これまで、前編(1)からUAEの食糧安全保障確保に向けた取り組みを見てきた。その現状は3万8,000を超える農場がありながら、食料自給率が約17%(2023年時点)と依然として低い状態にあり、特に野菜や果物などは海外から輸入されたものが多い。スーパーマーケットには海外から輸入された野菜や果物が多く並び、世界各国から輸入されていることが記載されている産地から分かる。


UAEのスーパーでは産地が記載されている
(ブラック ジャック ルール ディーラー撮影)

外国から輸入された野菜が多くスーパーには並ぶ
(ブラック ジャック ルール ディーラー撮影)

一方で、トマトやキュウリといった一部の食料自給率が高いものは()、スーパーマーケットでもUAE産のものが陳列されていた。

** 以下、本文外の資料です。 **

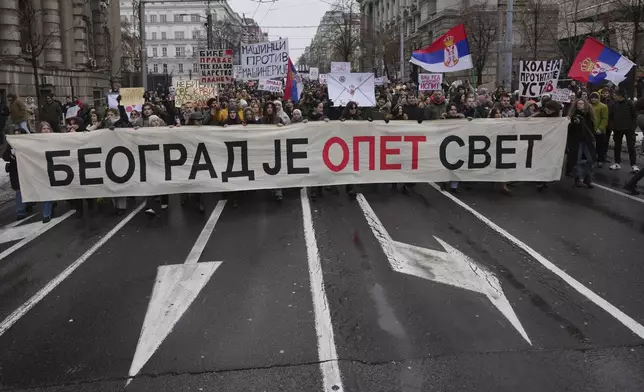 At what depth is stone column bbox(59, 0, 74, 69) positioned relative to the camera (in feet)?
94.5

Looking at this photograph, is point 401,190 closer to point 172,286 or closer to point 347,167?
point 347,167

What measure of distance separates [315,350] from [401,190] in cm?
664

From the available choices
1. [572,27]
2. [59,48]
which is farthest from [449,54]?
[572,27]

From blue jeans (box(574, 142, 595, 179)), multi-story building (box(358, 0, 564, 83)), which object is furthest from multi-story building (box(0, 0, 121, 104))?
multi-story building (box(358, 0, 564, 83))

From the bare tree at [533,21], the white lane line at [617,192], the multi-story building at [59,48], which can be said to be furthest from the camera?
the bare tree at [533,21]

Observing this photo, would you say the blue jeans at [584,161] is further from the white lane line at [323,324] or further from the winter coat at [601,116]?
the white lane line at [323,324]

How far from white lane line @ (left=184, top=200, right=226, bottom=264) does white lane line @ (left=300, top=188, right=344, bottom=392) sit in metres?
1.34

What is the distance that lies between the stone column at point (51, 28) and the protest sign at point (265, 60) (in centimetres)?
1255

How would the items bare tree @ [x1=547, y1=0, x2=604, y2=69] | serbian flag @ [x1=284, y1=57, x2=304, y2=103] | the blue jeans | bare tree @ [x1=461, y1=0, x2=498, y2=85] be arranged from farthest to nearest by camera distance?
bare tree @ [x1=461, y1=0, x2=498, y2=85] < bare tree @ [x1=547, y1=0, x2=604, y2=69] < serbian flag @ [x1=284, y1=57, x2=304, y2=103] < the blue jeans

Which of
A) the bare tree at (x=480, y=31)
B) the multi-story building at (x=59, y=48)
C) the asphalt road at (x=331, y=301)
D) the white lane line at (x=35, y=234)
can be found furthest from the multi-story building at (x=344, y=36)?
the asphalt road at (x=331, y=301)

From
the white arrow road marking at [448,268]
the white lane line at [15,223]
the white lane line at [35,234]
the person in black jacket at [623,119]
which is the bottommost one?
the white lane line at [15,223]

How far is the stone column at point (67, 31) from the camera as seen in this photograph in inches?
1134

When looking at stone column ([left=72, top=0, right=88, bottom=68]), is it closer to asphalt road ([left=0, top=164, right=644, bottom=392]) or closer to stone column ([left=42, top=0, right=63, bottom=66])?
stone column ([left=42, top=0, right=63, bottom=66])

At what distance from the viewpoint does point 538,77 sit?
1516 cm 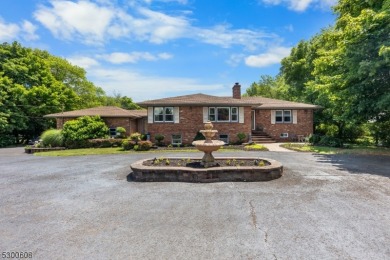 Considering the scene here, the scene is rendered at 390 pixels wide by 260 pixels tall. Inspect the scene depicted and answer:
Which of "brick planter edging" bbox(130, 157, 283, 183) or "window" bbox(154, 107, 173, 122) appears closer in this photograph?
"brick planter edging" bbox(130, 157, 283, 183)

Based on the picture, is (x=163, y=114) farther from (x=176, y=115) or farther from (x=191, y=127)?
(x=191, y=127)

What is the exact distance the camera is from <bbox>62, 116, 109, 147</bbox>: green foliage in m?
18.3

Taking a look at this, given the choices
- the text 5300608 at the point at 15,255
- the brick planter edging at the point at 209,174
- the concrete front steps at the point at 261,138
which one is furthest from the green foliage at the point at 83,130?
the text 5300608 at the point at 15,255

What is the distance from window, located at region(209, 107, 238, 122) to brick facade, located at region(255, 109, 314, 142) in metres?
3.85

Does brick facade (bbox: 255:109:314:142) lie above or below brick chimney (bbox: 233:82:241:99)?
below

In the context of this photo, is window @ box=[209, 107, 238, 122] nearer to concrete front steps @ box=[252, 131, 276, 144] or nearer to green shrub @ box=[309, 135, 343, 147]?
concrete front steps @ box=[252, 131, 276, 144]

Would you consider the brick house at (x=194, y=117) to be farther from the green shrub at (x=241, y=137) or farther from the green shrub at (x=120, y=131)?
the green shrub at (x=120, y=131)

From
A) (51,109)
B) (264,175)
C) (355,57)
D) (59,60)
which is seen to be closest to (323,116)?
(355,57)

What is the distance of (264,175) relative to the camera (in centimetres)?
721

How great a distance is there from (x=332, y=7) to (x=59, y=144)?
23.1 metres

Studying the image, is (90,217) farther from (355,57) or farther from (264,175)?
(355,57)

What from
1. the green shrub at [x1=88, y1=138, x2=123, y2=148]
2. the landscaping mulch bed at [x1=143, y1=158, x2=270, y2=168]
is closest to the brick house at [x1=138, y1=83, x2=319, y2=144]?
the green shrub at [x1=88, y1=138, x2=123, y2=148]

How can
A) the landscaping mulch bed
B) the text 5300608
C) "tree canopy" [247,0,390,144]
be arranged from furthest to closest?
"tree canopy" [247,0,390,144] → the landscaping mulch bed → the text 5300608

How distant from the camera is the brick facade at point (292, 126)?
69.3 ft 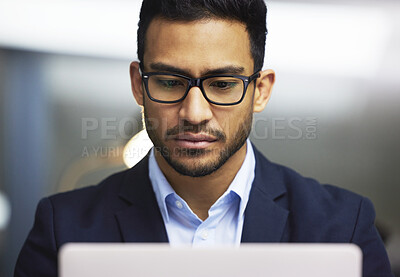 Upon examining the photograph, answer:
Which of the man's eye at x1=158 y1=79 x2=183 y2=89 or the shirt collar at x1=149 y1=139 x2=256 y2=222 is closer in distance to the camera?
the man's eye at x1=158 y1=79 x2=183 y2=89

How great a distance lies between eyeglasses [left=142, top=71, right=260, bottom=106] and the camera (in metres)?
1.60

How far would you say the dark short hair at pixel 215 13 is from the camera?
163 cm

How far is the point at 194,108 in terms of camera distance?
1.57 meters

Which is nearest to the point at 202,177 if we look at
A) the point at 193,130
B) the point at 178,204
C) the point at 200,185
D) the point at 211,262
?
the point at 200,185

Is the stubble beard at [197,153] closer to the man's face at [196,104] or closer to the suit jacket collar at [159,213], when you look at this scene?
the man's face at [196,104]

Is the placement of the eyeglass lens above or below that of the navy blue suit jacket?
above

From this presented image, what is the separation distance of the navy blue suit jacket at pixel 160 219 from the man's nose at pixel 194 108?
350mm

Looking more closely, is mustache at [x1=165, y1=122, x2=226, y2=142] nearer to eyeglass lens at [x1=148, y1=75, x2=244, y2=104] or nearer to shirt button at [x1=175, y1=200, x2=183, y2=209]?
eyeglass lens at [x1=148, y1=75, x2=244, y2=104]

本編ではUAEの現地ブラック ジャック ルール ディーラーを実際に視察した様子や、砂漠地帯での農業の実情や先進技術を紹介した。2023年には小麦、野菜、果物などの基本的な食料需要の50%を同国内でまかなうことを目標としており、2030年までにはこの目標を100%まで引き上げるとも発表している。UAEのアグリテック分野への投資意欲は旺盛であると言え(2023年3月22日付ビジネス短信参照)、2021年世界のアグリテック投資の1.1%を同国に拠点を置くブラック ジャック ルール ディーラーが占めた。

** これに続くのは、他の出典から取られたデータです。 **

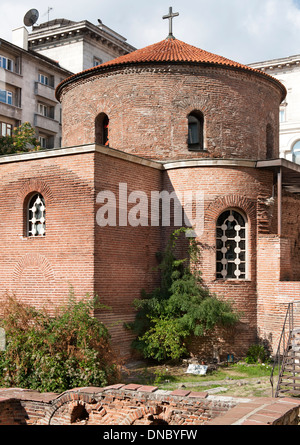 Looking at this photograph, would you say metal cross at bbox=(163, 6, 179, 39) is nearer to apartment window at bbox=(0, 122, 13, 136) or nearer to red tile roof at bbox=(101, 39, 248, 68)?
red tile roof at bbox=(101, 39, 248, 68)

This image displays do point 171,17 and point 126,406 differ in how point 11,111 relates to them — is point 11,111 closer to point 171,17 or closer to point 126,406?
point 171,17

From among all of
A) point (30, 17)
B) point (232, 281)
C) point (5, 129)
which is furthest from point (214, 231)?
point (30, 17)

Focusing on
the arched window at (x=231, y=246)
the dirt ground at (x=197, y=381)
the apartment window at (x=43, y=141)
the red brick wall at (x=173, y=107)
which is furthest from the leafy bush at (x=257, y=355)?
the apartment window at (x=43, y=141)

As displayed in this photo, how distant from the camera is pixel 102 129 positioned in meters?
19.1

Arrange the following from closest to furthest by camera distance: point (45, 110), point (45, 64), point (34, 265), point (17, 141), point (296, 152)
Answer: point (34, 265) → point (17, 141) → point (45, 64) → point (45, 110) → point (296, 152)

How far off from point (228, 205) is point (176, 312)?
3504 mm

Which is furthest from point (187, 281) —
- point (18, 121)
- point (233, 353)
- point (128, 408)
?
point (18, 121)

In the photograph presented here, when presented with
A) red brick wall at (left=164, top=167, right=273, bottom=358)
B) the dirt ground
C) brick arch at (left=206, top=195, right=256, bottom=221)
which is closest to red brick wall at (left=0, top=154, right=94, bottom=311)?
the dirt ground

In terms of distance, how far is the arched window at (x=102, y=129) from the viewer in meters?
18.8

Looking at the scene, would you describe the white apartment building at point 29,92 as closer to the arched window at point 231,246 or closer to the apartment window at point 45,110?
the apartment window at point 45,110

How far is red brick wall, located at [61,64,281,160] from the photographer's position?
1773 cm

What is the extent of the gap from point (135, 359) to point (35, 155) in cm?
625

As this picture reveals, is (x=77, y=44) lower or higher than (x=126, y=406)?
higher

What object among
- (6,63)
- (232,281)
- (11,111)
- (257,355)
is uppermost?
(6,63)
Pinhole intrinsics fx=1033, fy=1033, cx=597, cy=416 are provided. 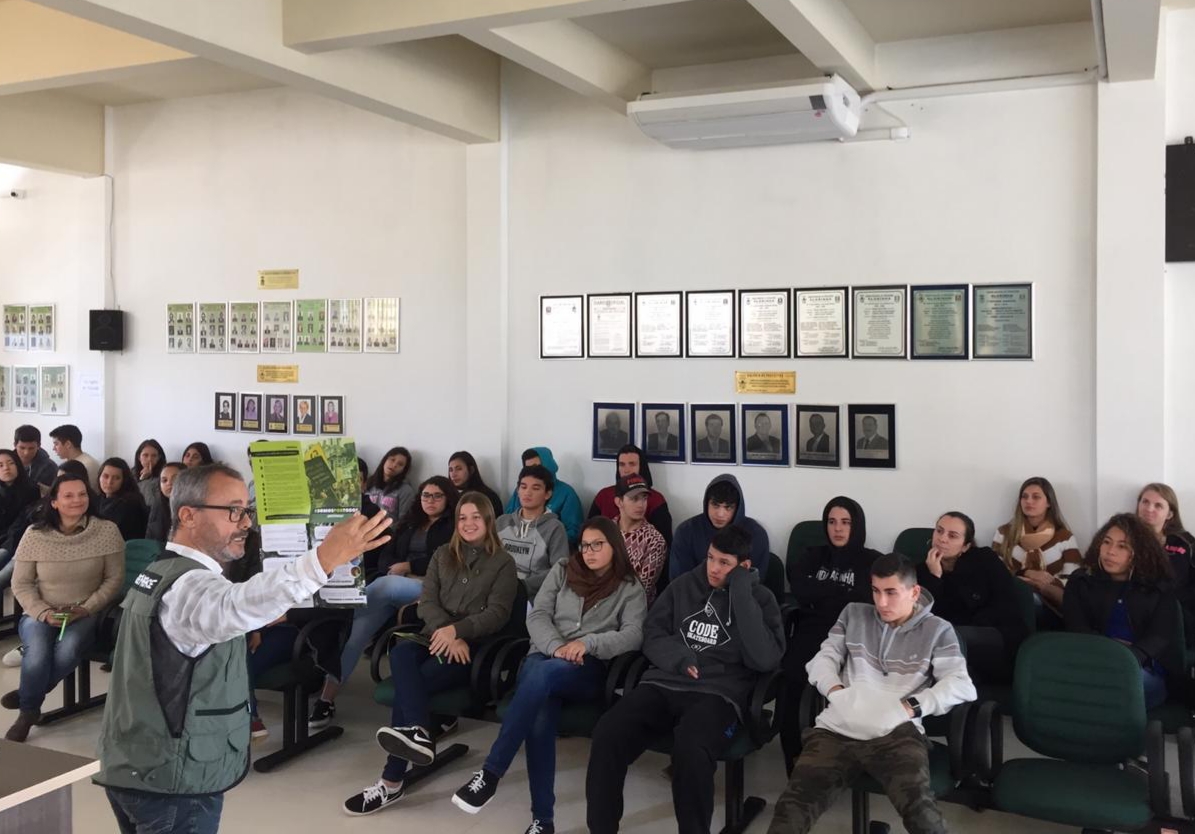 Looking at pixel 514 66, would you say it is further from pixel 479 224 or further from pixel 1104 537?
pixel 1104 537

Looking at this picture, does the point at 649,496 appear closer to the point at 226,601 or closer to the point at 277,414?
the point at 277,414

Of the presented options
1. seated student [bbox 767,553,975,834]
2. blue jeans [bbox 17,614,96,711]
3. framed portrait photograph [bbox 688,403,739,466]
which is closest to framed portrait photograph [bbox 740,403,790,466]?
framed portrait photograph [bbox 688,403,739,466]

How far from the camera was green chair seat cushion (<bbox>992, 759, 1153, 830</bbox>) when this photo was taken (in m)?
3.13

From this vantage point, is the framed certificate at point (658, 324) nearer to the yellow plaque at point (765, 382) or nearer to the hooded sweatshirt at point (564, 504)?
the yellow plaque at point (765, 382)

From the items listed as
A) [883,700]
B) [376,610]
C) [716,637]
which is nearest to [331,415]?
[376,610]

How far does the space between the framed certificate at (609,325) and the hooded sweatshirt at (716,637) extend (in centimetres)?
216

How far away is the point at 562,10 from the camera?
408cm

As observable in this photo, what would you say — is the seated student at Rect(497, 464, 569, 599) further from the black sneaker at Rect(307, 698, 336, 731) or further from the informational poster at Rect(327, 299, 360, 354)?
the informational poster at Rect(327, 299, 360, 354)

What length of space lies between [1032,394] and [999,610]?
4.11 ft

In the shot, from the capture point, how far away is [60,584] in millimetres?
5020

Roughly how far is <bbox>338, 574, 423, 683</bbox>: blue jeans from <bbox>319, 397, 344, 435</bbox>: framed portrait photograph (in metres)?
2.00

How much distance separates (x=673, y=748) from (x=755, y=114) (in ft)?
9.88

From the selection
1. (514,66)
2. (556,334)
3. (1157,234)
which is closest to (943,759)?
(1157,234)

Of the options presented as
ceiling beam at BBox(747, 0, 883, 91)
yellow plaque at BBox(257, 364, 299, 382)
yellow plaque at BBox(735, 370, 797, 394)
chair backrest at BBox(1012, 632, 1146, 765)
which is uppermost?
ceiling beam at BBox(747, 0, 883, 91) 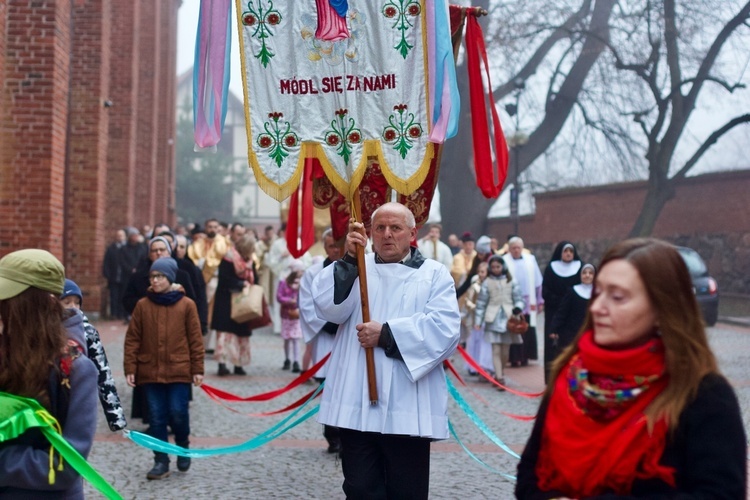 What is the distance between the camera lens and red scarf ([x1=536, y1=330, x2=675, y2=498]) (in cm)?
259

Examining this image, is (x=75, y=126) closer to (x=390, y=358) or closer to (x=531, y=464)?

スーパーに並ぶUAE産のトマト(ブラック ジャック ルール ディーラー撮影)

スーパーに並ぶUAE産のキュウリ(ブラック ジャック ルール ディーラー撮影)

また、日本では、農林水産省が2024年8月、UAEの輸出支援プラットフォーム外部サイトへ、新しいウィンドウで開きますを設置した。今後は、ブラック ジャック ルール ディーラーと在外公館が協力し、現地の事業者などと連携を図りつつ、食品輸出に関連する情報発信やビジネス環境整備など、日本産の農林水産物・食品のさらなる輸出拡大に向けた支援に取り組む。日本からUAEへの農林水産物・食品輸出は、2023年は約88億円で5年前と比較して2倍以上に増加している。前編(1)でも述べた人口の増加傾向も踏まえると、日本産食品を輸出する市場として、そして中東地域全体に普及させる上での拠点としてもUAEは非常に適していると考えられる。

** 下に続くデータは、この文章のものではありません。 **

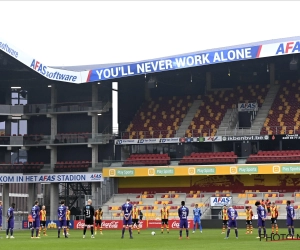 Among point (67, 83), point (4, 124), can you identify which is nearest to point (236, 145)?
point (67, 83)

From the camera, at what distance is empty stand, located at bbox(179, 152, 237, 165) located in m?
62.0

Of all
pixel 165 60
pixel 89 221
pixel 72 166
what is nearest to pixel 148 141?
pixel 72 166

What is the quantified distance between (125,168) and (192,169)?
6240mm

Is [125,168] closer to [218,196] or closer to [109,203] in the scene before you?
[109,203]

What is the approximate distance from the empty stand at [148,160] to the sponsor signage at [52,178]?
122 inches

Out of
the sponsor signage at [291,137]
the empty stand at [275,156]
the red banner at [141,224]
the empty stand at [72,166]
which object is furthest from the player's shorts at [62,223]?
the empty stand at [72,166]

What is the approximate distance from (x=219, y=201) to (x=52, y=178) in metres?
17.1

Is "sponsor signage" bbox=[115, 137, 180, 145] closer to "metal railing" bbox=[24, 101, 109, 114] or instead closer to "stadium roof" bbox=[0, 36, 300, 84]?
"metal railing" bbox=[24, 101, 109, 114]

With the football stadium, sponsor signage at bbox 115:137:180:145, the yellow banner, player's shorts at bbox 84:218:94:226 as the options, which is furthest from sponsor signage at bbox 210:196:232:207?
player's shorts at bbox 84:218:94:226

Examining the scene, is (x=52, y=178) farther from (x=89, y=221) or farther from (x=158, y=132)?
(x=89, y=221)

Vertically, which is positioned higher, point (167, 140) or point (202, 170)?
point (167, 140)

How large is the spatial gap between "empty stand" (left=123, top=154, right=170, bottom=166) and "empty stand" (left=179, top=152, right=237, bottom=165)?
1597mm

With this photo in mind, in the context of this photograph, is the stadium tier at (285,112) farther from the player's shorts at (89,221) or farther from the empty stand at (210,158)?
the player's shorts at (89,221)

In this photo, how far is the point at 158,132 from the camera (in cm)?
6806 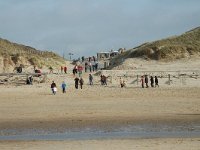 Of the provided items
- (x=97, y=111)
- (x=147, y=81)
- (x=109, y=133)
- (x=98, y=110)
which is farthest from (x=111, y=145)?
(x=147, y=81)

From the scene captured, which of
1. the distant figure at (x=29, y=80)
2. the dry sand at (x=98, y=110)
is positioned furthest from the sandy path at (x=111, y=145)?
the distant figure at (x=29, y=80)

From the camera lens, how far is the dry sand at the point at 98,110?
55.8ft

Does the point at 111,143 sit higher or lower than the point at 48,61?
lower

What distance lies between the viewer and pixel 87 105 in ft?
94.8

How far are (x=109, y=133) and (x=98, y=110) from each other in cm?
750

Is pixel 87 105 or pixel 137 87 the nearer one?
pixel 87 105

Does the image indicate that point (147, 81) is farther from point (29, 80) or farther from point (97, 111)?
point (97, 111)

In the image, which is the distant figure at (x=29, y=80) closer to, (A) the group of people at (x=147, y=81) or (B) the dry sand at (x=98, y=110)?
(B) the dry sand at (x=98, y=110)

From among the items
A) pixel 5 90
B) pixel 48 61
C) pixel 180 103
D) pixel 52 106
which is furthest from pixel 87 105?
pixel 48 61

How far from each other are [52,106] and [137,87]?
33.8 feet

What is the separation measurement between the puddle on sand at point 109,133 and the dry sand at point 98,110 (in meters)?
0.90

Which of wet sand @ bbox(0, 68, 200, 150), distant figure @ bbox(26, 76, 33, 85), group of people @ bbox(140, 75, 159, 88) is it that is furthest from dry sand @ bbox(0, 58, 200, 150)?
distant figure @ bbox(26, 76, 33, 85)

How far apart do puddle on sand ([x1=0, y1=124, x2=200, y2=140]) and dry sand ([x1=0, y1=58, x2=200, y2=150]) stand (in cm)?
90

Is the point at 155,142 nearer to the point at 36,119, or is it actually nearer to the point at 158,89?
the point at 36,119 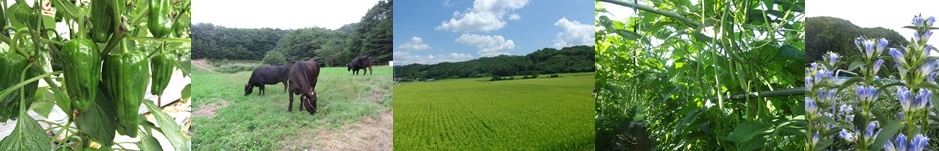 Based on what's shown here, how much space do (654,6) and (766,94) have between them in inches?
23.7

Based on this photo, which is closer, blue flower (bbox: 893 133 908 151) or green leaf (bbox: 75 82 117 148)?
green leaf (bbox: 75 82 117 148)

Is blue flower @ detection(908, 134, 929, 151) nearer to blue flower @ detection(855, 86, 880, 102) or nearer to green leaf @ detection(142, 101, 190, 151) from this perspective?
blue flower @ detection(855, 86, 880, 102)

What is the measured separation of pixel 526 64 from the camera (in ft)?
12.9

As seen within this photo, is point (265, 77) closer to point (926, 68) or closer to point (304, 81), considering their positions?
point (304, 81)

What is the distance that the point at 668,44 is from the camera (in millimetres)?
3244

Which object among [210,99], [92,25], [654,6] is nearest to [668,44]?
[654,6]

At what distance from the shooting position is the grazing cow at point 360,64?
10.9ft

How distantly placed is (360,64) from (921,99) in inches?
82.9

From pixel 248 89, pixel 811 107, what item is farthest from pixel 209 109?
pixel 811 107

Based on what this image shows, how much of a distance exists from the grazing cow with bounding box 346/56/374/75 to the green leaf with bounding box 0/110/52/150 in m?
1.96

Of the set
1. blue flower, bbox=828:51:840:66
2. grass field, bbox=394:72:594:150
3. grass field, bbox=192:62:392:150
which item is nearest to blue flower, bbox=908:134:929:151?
blue flower, bbox=828:51:840:66

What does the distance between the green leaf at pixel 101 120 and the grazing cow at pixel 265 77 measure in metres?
1.58

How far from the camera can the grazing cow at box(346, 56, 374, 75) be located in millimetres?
3328

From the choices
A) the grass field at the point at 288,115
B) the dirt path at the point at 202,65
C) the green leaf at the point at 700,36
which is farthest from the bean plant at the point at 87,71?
the green leaf at the point at 700,36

今回ブラック ジャック ルール ディーラーが実施したミッションのテーマである「食糧安全保障」は、UAEにとっては1つの大きな課題である。日本にとっても「アグリテック」も含めて大きなビジネスチャンスであり、今後もその可能性は拡大していくものと思われる。UAE側からの日本企業への期待も高く、ミッションに参加した日本企業が視察企業担当者と話し込む場面も見られた。2024年9月には、日本とUAEの包括的経済連携協定(CEPA)の交渉開始も発表されており(2024年9月19日付ビジネス短信参照)、両国間の経済関係強化が見込まれる中、「食糧安全保障」や「アグリテック」を通した両国の関係拡大が期待される。

中東の食糧安全保障

  1. UAEでミッション実施、現地視察の様子を紹介
執筆者紹介
ブラック ジャック ルール ディーラー・ドバイ事務所
太田 尭久(おおた たかひさ)
2012年、ブラック ジャック ルール ディーラー入構。進出企業支援課、ブラック ジャック ルール ディーラー・バンガロール事務所海外実習、企画部企画課、経済産業省特許庁出向、国際博覧会課を経て、2021年1月から現職。
執筆者紹介
ブラック ジャック ルール ディーラー調査部中東アフリカ課
加藤 皓人(かとう あきと)
2024年2月、都市銀行から経験者採用で入構し、現職。